4. Elton's Strategies (Ichimoku, Supertrend, Liquidation Cascade, etc.)

Ichimoku Cloud: A "cloud" on the chart—price above = buy, below = sell. Like a weather cloud forecasting rain or sun.

Supertrend: A line that flips colors for buy/sell. Combines trends with volatility.

Liquidation/Flash Crash/Sweep: Detects big price drops with volume spikes (buy the dip) or fake-outs.

How they work in the strategy: Each "votes" on buy/sell. Combined into "Elton Net" score (e.g., +20 = bullish bias).

Why simple? Think of a team vote: If most players say "pass the ball," you do it. Each strategy is one player.

5. Scalping Module (Z-Score MR, Absorption, CVD, TTM Squeeze, Cointegration, Kyle's Lambda)

Z-Score MR: Checks if price is too far from average (buy low, sell high).

Absorption/Climax: Spots when big trades are "absorbed" without moving price much (hidden buying/selling).

CVD (Volume Delta): Estimates if buyers or sellers are stronger by looking at candle shapes.

TTM Squeeze: Detects "squeezed" low volatility before big moves (like a spring uncoiling).

Cointegration: For BTC/ETH, checks if their prices are out of sync (buy the cheap one).

Kyle's Lambda: Measures how easily price moves (high = low liquidity, risky).

How they work in the strategy: Short-term signals for quick trades. Combined into "Scalp Net" score.

Why simple? Z-Score is like grading on a curve—if your score is way below average, it's a comeback opportunity. Squeeze is like pressure building in a balloon before it pops.

6. MTF Consensus Engine (The "Consensus" Part)

What it does: Checks trend agreement across 3 timeframes (short, medium, long).

How it works in the strategy: Averages EMA, MACD, and price signals per timeframe, then weights them (longer TFs count more). Score >80% bullish = "strong consensus" message.

Why simple? Like asking friends in different grades if a movie is good—if most say yes, it's probably worth watching.

7. Volume Analysis

What it does: Scores volume strength (spikes, trends) to confirm signals.

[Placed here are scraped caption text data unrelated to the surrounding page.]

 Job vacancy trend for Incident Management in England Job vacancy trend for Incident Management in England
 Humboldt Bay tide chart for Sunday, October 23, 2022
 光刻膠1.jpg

How it works in the strategy: High volume boosts buy/sell scores. Required for signals if enabled.

Why simple? Volume is like crowd noise at a game—loud means excitement, quiet means boring.

8. Momentum & Statistical Indicators (RSI, MACD, Z-Score, Bollinger %B)

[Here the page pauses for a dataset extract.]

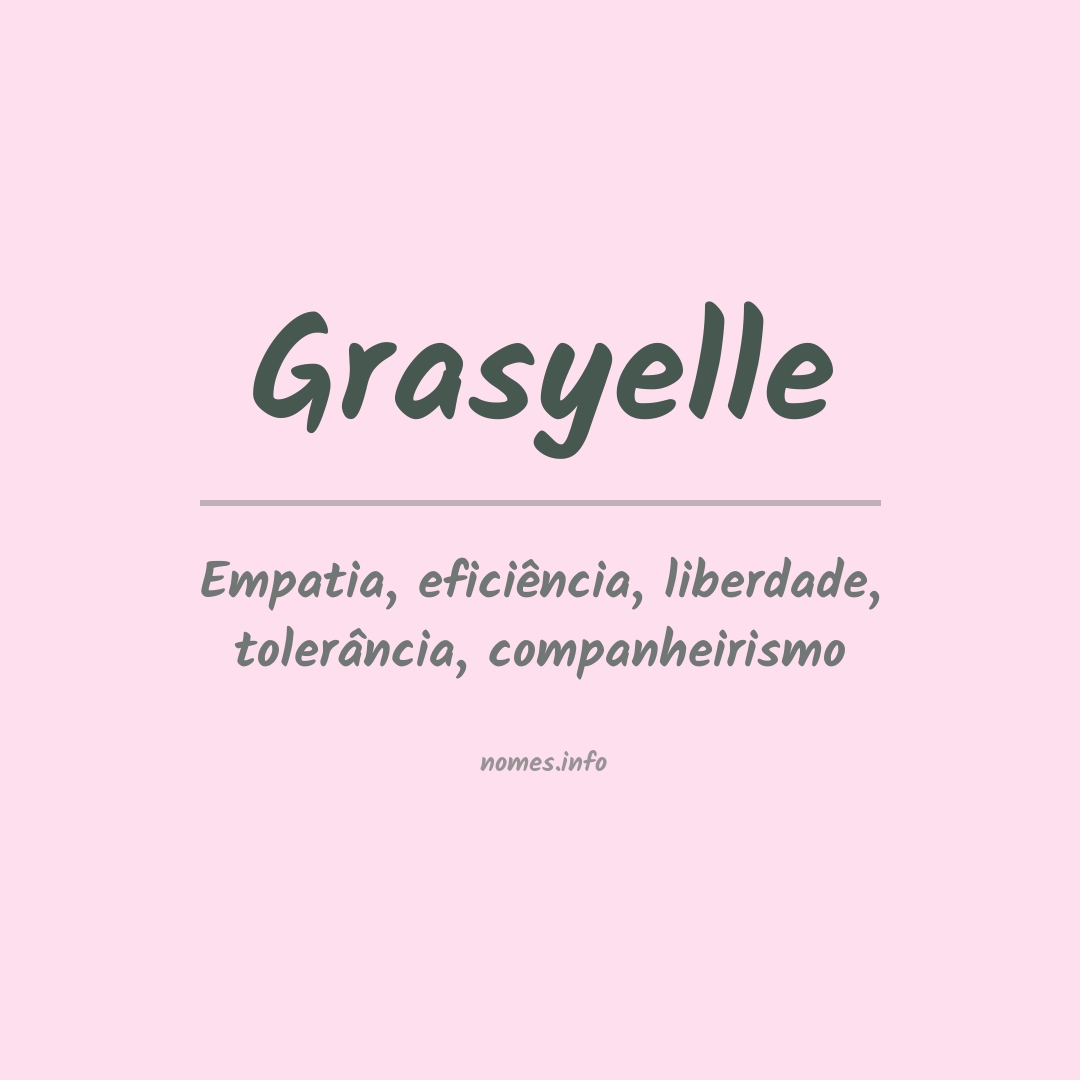 Significado do nome Grasyelle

What it does: Measures speed and extremes (e.g., RSI >70 = overbought).

How it works in the strategy: Adds to confluence scores. E.g., bullish MACD = +10 points.

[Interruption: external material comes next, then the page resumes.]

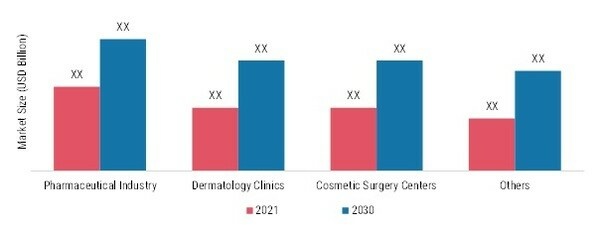 Hyaluronic acid market by End User 2021 and 2030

Why simple? Momentum is like a ball's speed—if rolling fast uphill, it might keep going.

9. Fear & Greed Proxy

What it does: Combines RSI, volatility, momentum, and volume into a "mood" score (0=extreme fear, 100=greed).

How it works in the strategy: Extreme fear boosts buy scores (contrarian).

Why simple? Like gauging if people are panicking (buy cheap) or too excited (sell high).

10. Doomsday Factor (Risk Score)

What it does: Calculates overall danger (0-100) from volatility, liquidity, size, etc.

How it works in the strategy: High score tightens TP/SL to reduce risk.

Why simple? Like a "danger meter" in a video game—high danger means play safer.

11. Signal Generation & Risk Management

What it does: Combines all above into buy/sell signals if scores > threshold (e.g., 75).

How it works in the strategy: Checks trend/momentum/volume/MTF, adds bonuses (e.g., from Elton/Scalp). Uses Kelly for sizing, ATR for stops.

Why simple? Like a recipe: Mix ingredients (scores), bake if hot enough (threshold), serve with safety (stops).

12. Double Ignite & ALT-ELT

What it does: Spots when multiple groups "ignite" (agree) for high-confidence alerts. ALT-ELT gives a final "buy/sell/wait" recommendation.

How it works in the strategy: Counts agreeing groups (e.g., trend + momentum = ignite). Boosts scores.

Why simple? Ignite is like multiple friends shouting "go!" at once. ALT-ELT is the final vote.

Overall How the Strategy Works

It's like a voting committee of 9+ tools. Each tool votes buy/sell based on its specialty (trends, bounces, volume). In "Dynamic" mode (recommended), votes are weighted by market type (trend vs range). If enough agree (e.g., 4+ votes) and filters pass (volume, trend bias), it signals. Risk tools (stops, sizing) keep you safe.

For High-School Analogy: Imagine planning a party. Tools check weather (regime), crowd excitement (volume/momentum), budget (risk), and friend opinions (votes). If most say "yes" and it's sunny, party on—but with a backup plan (stops) if it rains.